Beats Per Minute (BPM) - The tempo of the song
Energy - The higher the value, the more energetic song
Danceability - The higher the value, the easier it is to dance to song
Loudness - The higher the value, the louder the song.
Valence - The higher the value, the more positive mood for song
Length - The duration of the song
Acoustic - The higher the value the more acoustic the song is
Popularity - The higher the value the more popular the song is

Using KNIME, I tested out the following models to create a genre classification engine:

As you can see I tried multiple algorithms like:

  1. Naive Bayes Classifier
  2. Gradient Boosted Trees
  3. Decision Trees
  4. Random Forest

Gradient Boosted Trees worked the best for me with an accuracy of ~70%.

Below is the result of the confusion matrix, which shows decent results with some overlap between genres because of their similarities in attributes.

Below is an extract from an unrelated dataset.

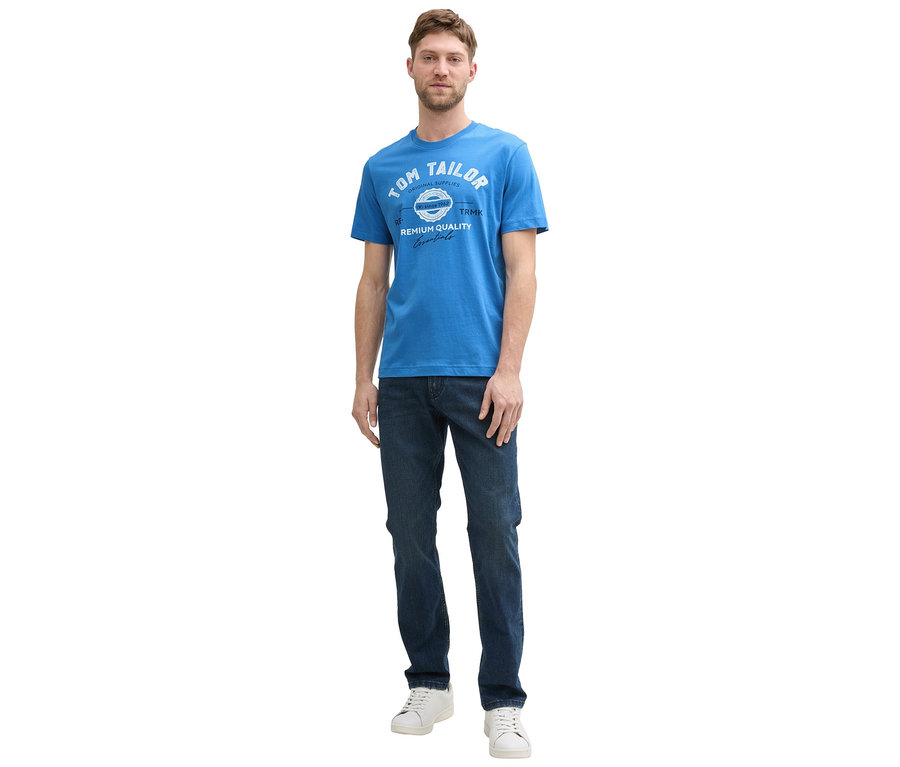 Mężczyzna w dżinsach i białych butach sportowych ma na sobie koszulkę z logo Tom Tailor w kolorze sapphire blue.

I have attached the datasets and KNIME workflows at the end of the article for users to play with the data and explore it further.

How to create a model which identifies similarities in my playlists and suggest me similar songs?

What model to choose?

After speaking with some ML/AI engineers from the industry, I decided to use Cosine Similarity to build a model which would help me identify songs based on my personal taste. Cosine similarity measures the similarity between two vectors of an inner product space. It is measured by the cosine of the angle between two vectors and determines whether two vectors are pointing in roughly the same direction.

How does cosine similarity help us to find similar music?

I have categorized my playlist into three like categories :

  • Average
  • Great
  • Super Like

The reason why I do this is to find set of songs closest to my like level and based on that approach I could cherry pick them to add them to my playlist. Using the similarity search node, I can use the cosine similarity approach to find the closest 3 neighbors to my individual songs from the target playlist songs. This allows me to listen and evaluate the songs selectively before adding them to my main playlist.

The output of this similarity search has the following 
important columns which helps us to select songs :
- Similarity : (1 - Most similar and 0 as most dissimilar)
- Most Similar Song Index - 0,1,2
- Most Similar Track Title
- Like Level : Like level from the original playlist data

This is the configuration I used in my similarity search node to find the 3 most similar songs to every individual song in my playlist.

As you can see I include the columns highlighted in green to compute by cosine distances to my input songs and find the closest 3 neighbors.

I also filter using range i.e. adding a threshold for similarity coefficient to filter out any values lower than 0.70.

My output results in 3 similar songs if they meet the threshold requirement between 0.70 and 1.0.

This is the workflow image of the similarity search with an output for the each like level.

Here is a sample output for Super Like category:

For every song on in my playlist I now have at least 3 similar songs which I quickly listen and add to my playlist.

Important Links

All Data Set, KNIME Workflow

Conclusion

This model is a starting point, as there is more opportunity to grow the complexity here, but it’s my humble effort to create and amalgamate my two biggest interests in life. This shows us the power of using data effectively and intelligently to optimize even the simplest of task like creating a playlist.

--

--